Entre os vários mitos que narram aventuras de Thor, o deus nórdico dos trovões, raios e chuvas, ele possui uma história que o conecta com o mar, no caso, com uma pescaria. No entanto, o ruivo deus nórdico não foi pescar peixes, crustáceos ou moluscos, mas ele foi pescar uma serpente marinha, Jormungand (Jörmungadr), a maior das criaturas na mitologia nórdica.
Jormungand era um dos três filhos dos gigantes Loki e Angrboda, sendo irmão do lobo Fenrir e de Hel, a senhora dos mortos. Quando jovens, Odin baniu os filhos de Loki para diferentes lugares: Fenrir foi preso numa caverna, Hel foi banida para o submundo e Jormungand foi atirado nas profundezas do oceano. Todavia, a serpente com o tempo cresceu tanto, que diziam que ela conseguia circundar o mundo e morder a própria cauda.
Devido a tal condição a serpente gigante era conhecida por alguns epítetos como “cinta de todas as terras” (Hymiskvida est. 22), “colar da terra” (Husdrapa est. 4), “peixe que a todas as águas contorna (Ragnarsdrapa est. 15). Tais referências datam de poemas escritos no século IX, em plena Era Viking (VIII-XI).
O mito da pescaria de Thor possui distintas versões, as quais podem ser lidas em alguns poemas como o Husdrapa, o Ragnarsdrapa, o Gnaevadarskald, entre outros, porém, as versões mais conhecidas se encontram no poema Hymiskvida (A balada de Hymr), presente na Edda Poética, e em um dos capítulos do Gylfaginning na Edda em Prosa.
Nessas duas narrativas, as quais possuem algumas semelhanças, é contado que o deus Thor em certa ocasião, matou um touro, cortou sua cabeça e usou-a como isca. Ele viajou de barco até o alto-mar acompanhado do gigante Hymir, ali lançou a cabeça do touro e aguardou a gigantesca serpente morder a isca, iniciando uma luta entre pescador e presa. No poema Hymiskvida (est. 22-24) e na Edda em Prosa (cap. 47 ou 48 do Gylfaginning), é dito que Hymir ficou aterrorizado com o combate entre Thor e Jormungand, pois o mar ficou revolto e as montanhas tremiam.
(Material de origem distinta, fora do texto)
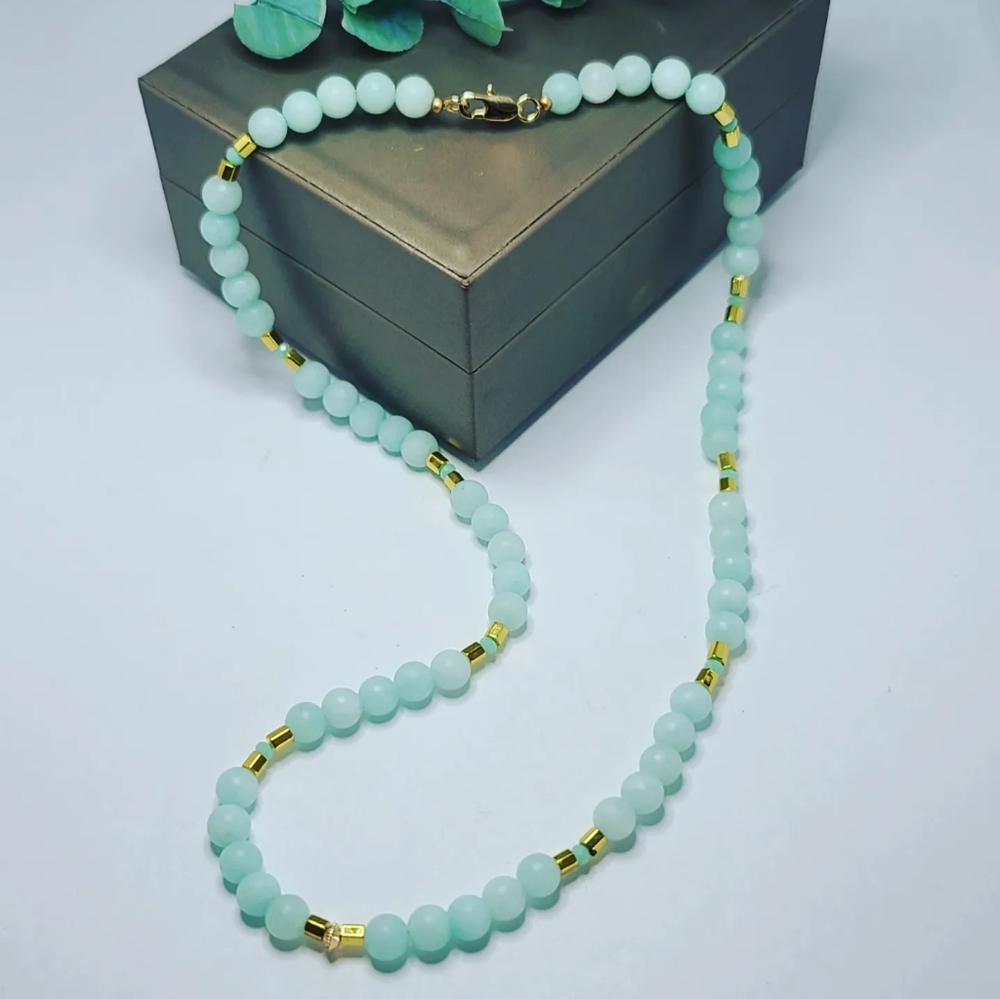 Matte Amazonite Minimalist Necklace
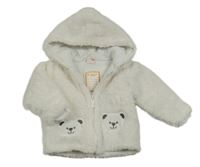 Bílá chlupatá zateplená bunda s medvídky a kapucí Pusblu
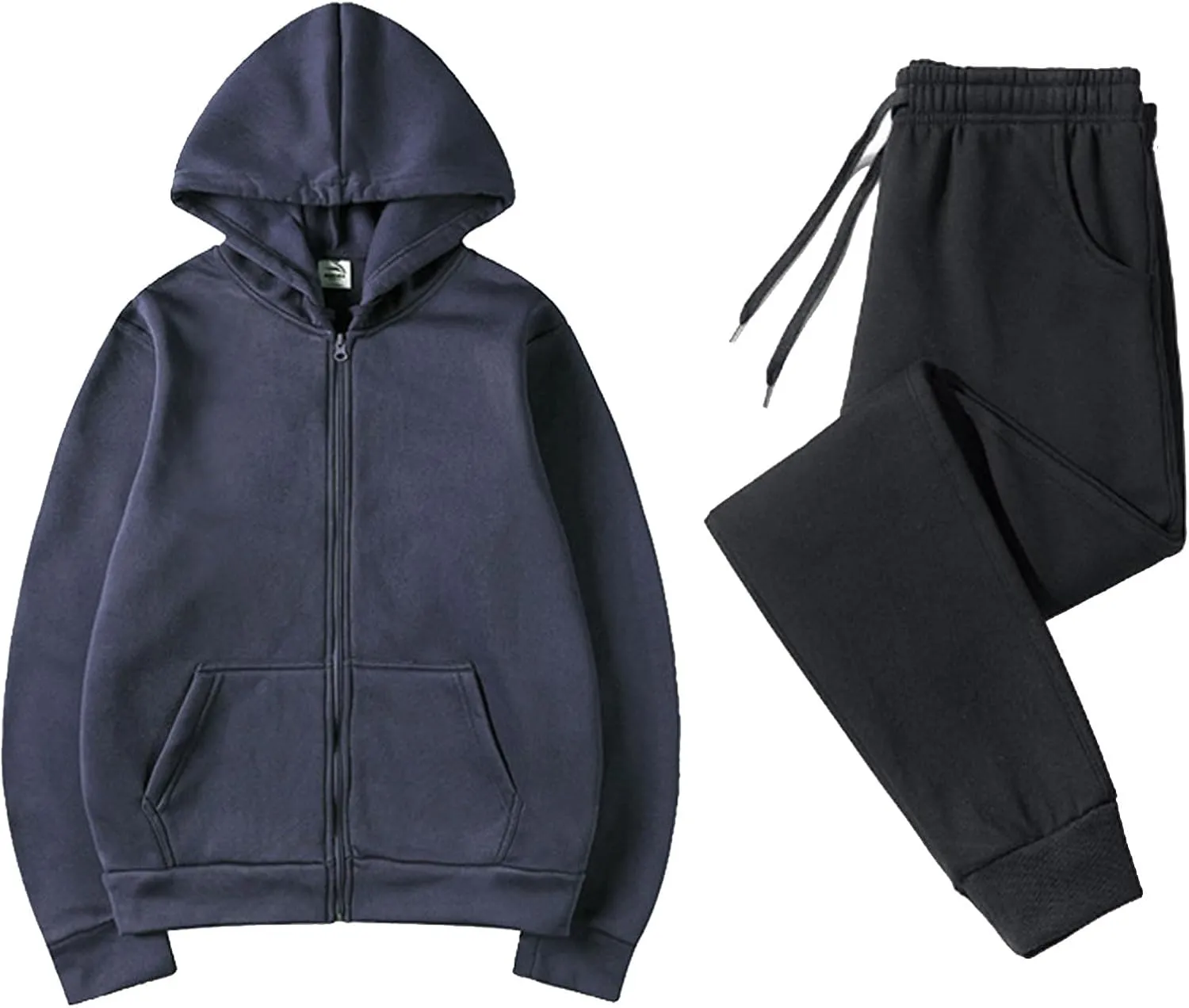 Women's Fashion Outfits Long Sleeve Crewneck Color Block Outfit Sweatshirt and Wide Leg Sweatpant Sweatsuits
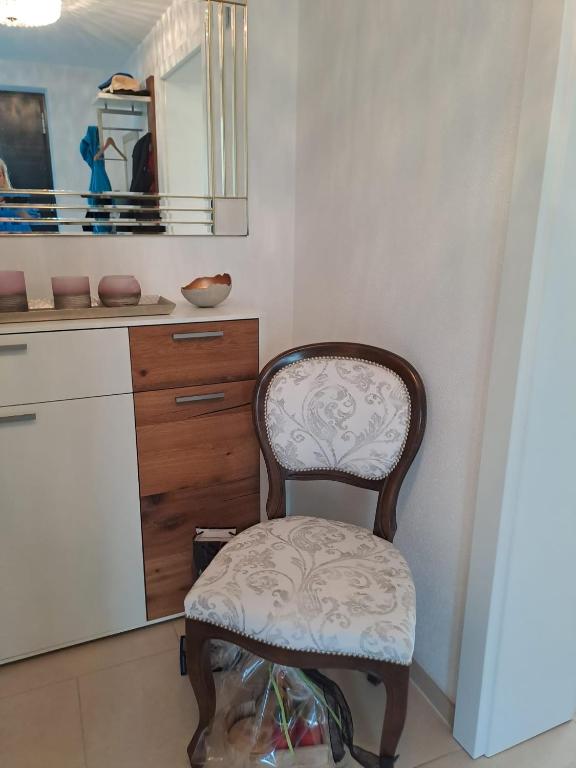 Kuchyň nebo kuchyňský kout v ubytování Ferienhaus Atterseetraum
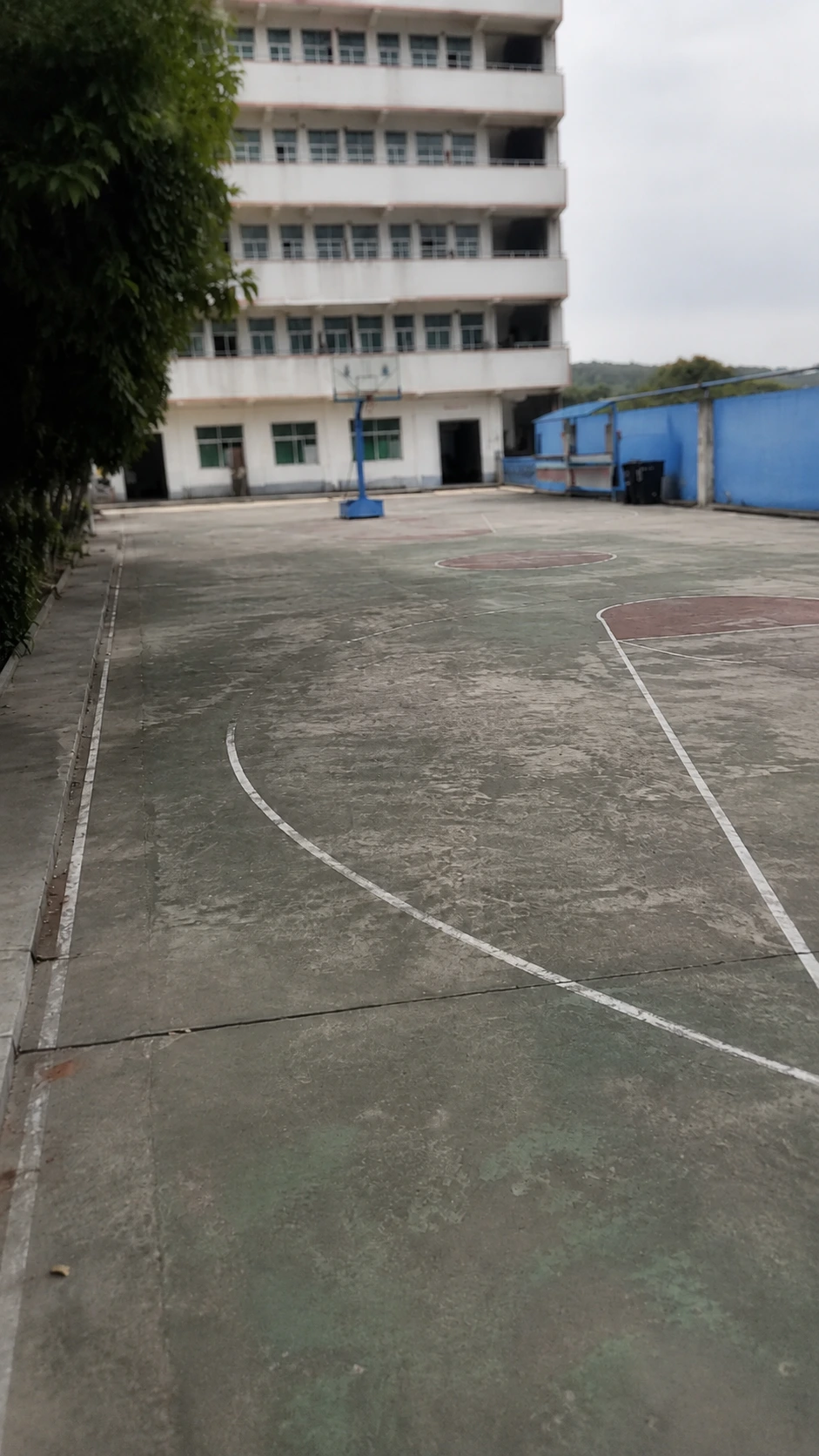 Kẻ vạch sân bóng rổ tại Trường Thực nghiệm Thành Nam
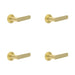 PACK Satin Brass Door Handle with Plain Rose Design Modern Interiors Solid Brass Interior Handle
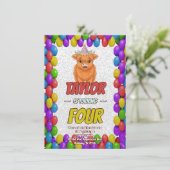 Invitation d'anniversaire de vache Highland Fluffy (Debout devant)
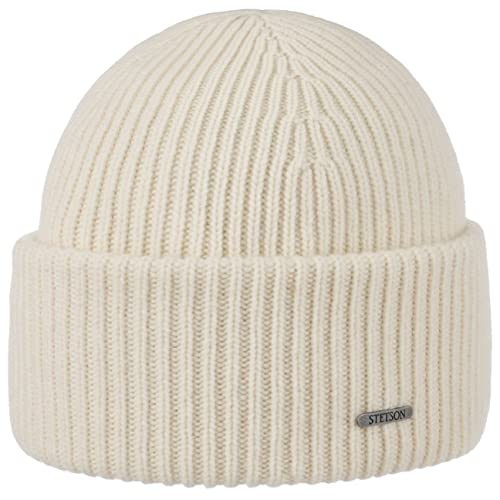 Stetson Classic Uni Wollmütze Damen Herren Made in Italy 100% Wolle Gestrickt Beanie Herbst Winter cremeweiß One Size von Stetson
No poema é dito que a serpente acabou escapando, porém, na Edda em Prosa informa que temendo por sua vida, Hymir pegou uma faca de pesca e cortou a linha, fazendo a serpente escapar e retornar para as profundezas do oceano. Essas duas versões abrem margem para a condição que durante o Ragnarök (“destino final dos deuses”), Thor e Jormungand retornariam para um segundo embate, dessa vez, uma luta mortal, pois deus e monstro morreriam.
Todavia, em outras versões do mito, como no poema Husdrapa, é dito que Thor conseguiu matar a serpente marinha. Além disso, nessa versão ele não é acompanhado por Hymir. Essas mudanças ocorrem, pois a mitologia nórdica como a mitologia de outros povos, era transmitida oralmente, havendo diferentes versões. Além disso, observa-se que em poemas dos séculos IX e X, Jormungand morria. Por sua vez, nos relatos do século XIII, como o Hymiskvida e a Edda em Prosa, a serpente sobrevive a pescaria, e volta a confrontar o deus.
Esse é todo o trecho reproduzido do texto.